Some people are concerned about the amount of fat in pecans – don’t be alarmed. Nutritionists say this is “good fat” or heart-healthy, unsaturated fat.

Pecans are loaded with antioxidants, which are nutrients that delay aging and decrease the risk of cancer, heart disease, diabetes and neurological diseases such as Alzheimer’s. These are not the only health benefits. The latest research from the U.S. Department of Agriculture (USDA) shows that pecans are the most antioxidant rich tree nut and are among the top 15 foods to contain the highest antioxidant capacity. So you need not worry about your health when it comes to eating pecans.

Pecans Cholesterol

Unsaturated fat can have a protective effect by lowering total blood cholesterol and preserving HDL (high-density lipoproteins) or the “good” cholesterol to help fight heart disease. Pecans contain no cholesterol and no trans fat.

Pecans Calories

There are 196 calories in 1 ounce (20 halves) of Pecan Nuts.
Calorie breakdown: 87% fat, 8% carbs, 5% protein.

Pecan Oil

There’s another benefit to eating pecans – you get a healthy dose of pecan oil with each pecan.

Pecan oil contains 9.5% of saturated fat, which is lower than half the amount that is present in olive oil, peanut oil or corn oil.

Pecan oil is also a great oil for massages.

Pecans are not only good – they are good for you!

More Good Stuff About Pecans

The pecan is undoubtedly the most important nut tree native to North America. For North American Indian tribes in the South-Central region of the United States, especially in the Mississippi Valley, the seedling pecan served as a dietary staple long before the arrival of Europeans.
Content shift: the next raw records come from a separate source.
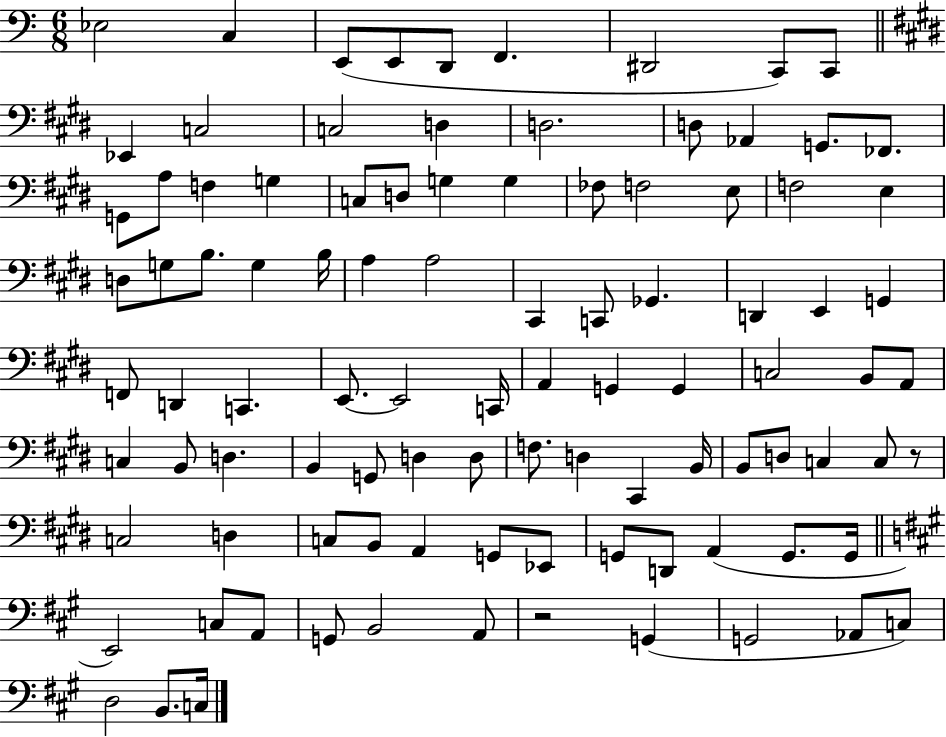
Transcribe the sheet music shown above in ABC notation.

X:1
T:Untitled
M:6/8
L:1/4
K:C
_E,2 C, E,,/2 E,,/2 D,,/2 F,, ^D,,2 C,,/2 C,,/2 _E,, C,2 C,2 D, D,2 D,/2 _A,, G,,/2 _F,,/2 G,,/2 A,/2 F, G, C,/2 D,/2 G, G, _F,/2 F,2 E,/2 F,2 E, D,/2 G,/2 B,/2 G, B,/4 A, A,2 ^C,, C,,/2 _G,, D,, E,, G,, F,,/2 D,, C,, E,,/2 E,,2 C,,/4 A,, G,, G,, C,2 B,,/2 A,,/2 C, B,,/2 D, B,, G,,/2 D, D,/2 F,/2 D, ^C,, B,,/4 B,,/2 D,/2 C, C,/2 z/2 C,2 D, C,/2 B,,/2 A,, G,,/2 _E,,/2 G,,/2 D,,/2 A,, G,,/2 G,,/4 E,,2 C,/2 A,,/2 G,,/2 B,,2 A,,/2 z2 G,, G,,2 _A,,/2 C,/2 D,2 B,,/2 C,/4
Later the Indians traded pecans to the settlers for furs, trinkets and tobacco. Before the early sixteenth century, no European had ever seen a pecan.The native trees produced a seedling pecan which was small and had a very hard shell. There are now more that 500 improved varieties which were developed by advanced growing techniques. This was to improve the nut meat of pecans produced as well as increase the production of the trees. The improved varieties are thinner shelled making them easier to crack.Georgia now produces 45% of the Nation’s pecans. Georgia’s production averages 110 million pounds per year. This production is influenced by factors such as weather, insects and disease which cause fluctuations from as low as 50 million pounds to as high as 150 million pounds per year.Not only are pecans delicious, they are heart healthy! Research has revealed that eating a handful of pecans a day may help keep the heart doctor away! Pecan nuts can lower bad cholesterol and can be beneficial to heart health in the long run.
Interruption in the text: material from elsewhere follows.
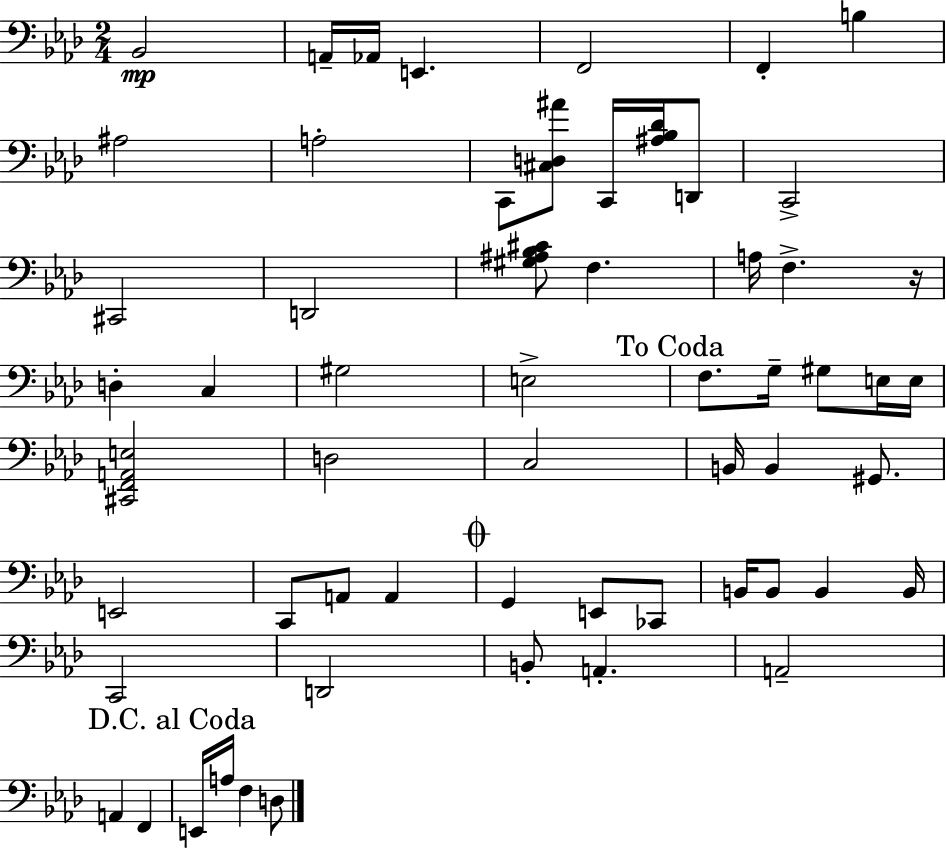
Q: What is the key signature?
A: F minor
Researchers have found that eating one third cup of pecans a day lowered the “bad” cholesterol, or LDL, by 10% after four weeks. “Pecan nuts can be part of a healthy diet”, says Wanda Morgan, lead author of the study and a nutritional scientist with the Agricultural Experiment Station at New Mexico State University. In addition to lowering the LDL cholesterol, pecans are a good source of oleic acid, thiamin, magnesium, protein and fiber.

The flavor and texture of pecans make them compatible with a wide variety of foods. It is estimated that there are more than 1200 uses for pecans in prepared dishes. Pecans may be used in baked goods, dairy products and sweets as well as salads, meats, cereals and vegetables. Naturally though, our first thought is of pecan pralines and pecan pie, which originated in the South!

No matter how you choose to eat your pecans, you can be assured you are getting a healthy and delicious product!